Task to complete — Would you please copy the part of the material below that opens with the line containing "Anime Attack on" and closes with the line containing "HarlemBling 4.5ct MOISSANITE"? Copy it exactly, and only it.

Recorded data —
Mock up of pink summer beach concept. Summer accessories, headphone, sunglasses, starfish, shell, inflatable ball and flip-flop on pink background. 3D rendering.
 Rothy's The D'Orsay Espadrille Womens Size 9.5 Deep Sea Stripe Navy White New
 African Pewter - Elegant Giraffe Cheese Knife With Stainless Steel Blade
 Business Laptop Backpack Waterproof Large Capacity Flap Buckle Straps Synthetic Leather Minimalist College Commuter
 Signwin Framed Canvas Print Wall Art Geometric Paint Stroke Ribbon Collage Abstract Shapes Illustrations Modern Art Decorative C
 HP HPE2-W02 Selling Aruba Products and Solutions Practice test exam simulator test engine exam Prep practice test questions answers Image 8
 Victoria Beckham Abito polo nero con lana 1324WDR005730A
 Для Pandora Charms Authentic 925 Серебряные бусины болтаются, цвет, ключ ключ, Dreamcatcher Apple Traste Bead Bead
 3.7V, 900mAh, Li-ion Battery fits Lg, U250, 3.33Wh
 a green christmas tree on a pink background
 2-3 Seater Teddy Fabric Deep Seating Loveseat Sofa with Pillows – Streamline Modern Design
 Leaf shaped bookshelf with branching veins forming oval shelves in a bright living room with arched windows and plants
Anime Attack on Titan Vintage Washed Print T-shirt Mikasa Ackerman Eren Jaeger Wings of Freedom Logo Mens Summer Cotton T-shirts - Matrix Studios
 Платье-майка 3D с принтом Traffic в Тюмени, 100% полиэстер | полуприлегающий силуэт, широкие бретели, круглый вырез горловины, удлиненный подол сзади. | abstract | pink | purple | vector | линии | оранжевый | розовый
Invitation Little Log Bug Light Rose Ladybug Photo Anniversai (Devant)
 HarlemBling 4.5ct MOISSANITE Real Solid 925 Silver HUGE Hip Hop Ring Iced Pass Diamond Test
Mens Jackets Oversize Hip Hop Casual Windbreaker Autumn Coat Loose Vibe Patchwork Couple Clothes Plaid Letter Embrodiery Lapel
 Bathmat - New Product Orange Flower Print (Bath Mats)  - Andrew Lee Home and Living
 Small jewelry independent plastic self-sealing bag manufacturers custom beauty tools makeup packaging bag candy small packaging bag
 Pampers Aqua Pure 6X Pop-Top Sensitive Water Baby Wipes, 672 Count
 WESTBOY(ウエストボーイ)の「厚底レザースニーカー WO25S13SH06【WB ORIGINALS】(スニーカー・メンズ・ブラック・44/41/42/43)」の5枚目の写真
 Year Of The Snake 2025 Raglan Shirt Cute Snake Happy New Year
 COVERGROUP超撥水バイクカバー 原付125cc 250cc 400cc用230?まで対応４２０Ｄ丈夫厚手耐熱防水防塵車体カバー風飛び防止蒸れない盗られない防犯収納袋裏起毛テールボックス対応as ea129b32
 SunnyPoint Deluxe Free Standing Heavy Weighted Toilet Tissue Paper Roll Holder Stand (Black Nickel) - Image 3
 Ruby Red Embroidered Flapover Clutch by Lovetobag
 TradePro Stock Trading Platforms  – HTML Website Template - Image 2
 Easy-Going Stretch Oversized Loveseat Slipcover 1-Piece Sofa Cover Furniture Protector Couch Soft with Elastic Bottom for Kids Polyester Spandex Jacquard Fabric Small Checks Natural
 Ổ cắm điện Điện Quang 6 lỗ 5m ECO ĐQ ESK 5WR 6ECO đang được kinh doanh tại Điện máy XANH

Worked solution —
Anime Attack on Titan Vintage Washed Print T-shirt Mikasa Ackerman Eren Jaeger Wings of Freedom Logo Mens Summer Cotton T-shirts - Matrix Studios
 Платье-майка 3D с принтом Traffic в Тюмени, 100% полиэстер | полуприлегающий силуэт, широкие бретели, круглый вырез горловины, удлиненный подол сзади. | abstract | pink | purple | vector | линии | оранжевый | розовый
Invitation Little Log Bug Light Rose Ladybug Photo Anniversai (Devant)
 HarlemBling 4.5ct MOISSANITE Real Solid 925 Silver HUGE Hip Hop Ring Iced Pass Diamond Test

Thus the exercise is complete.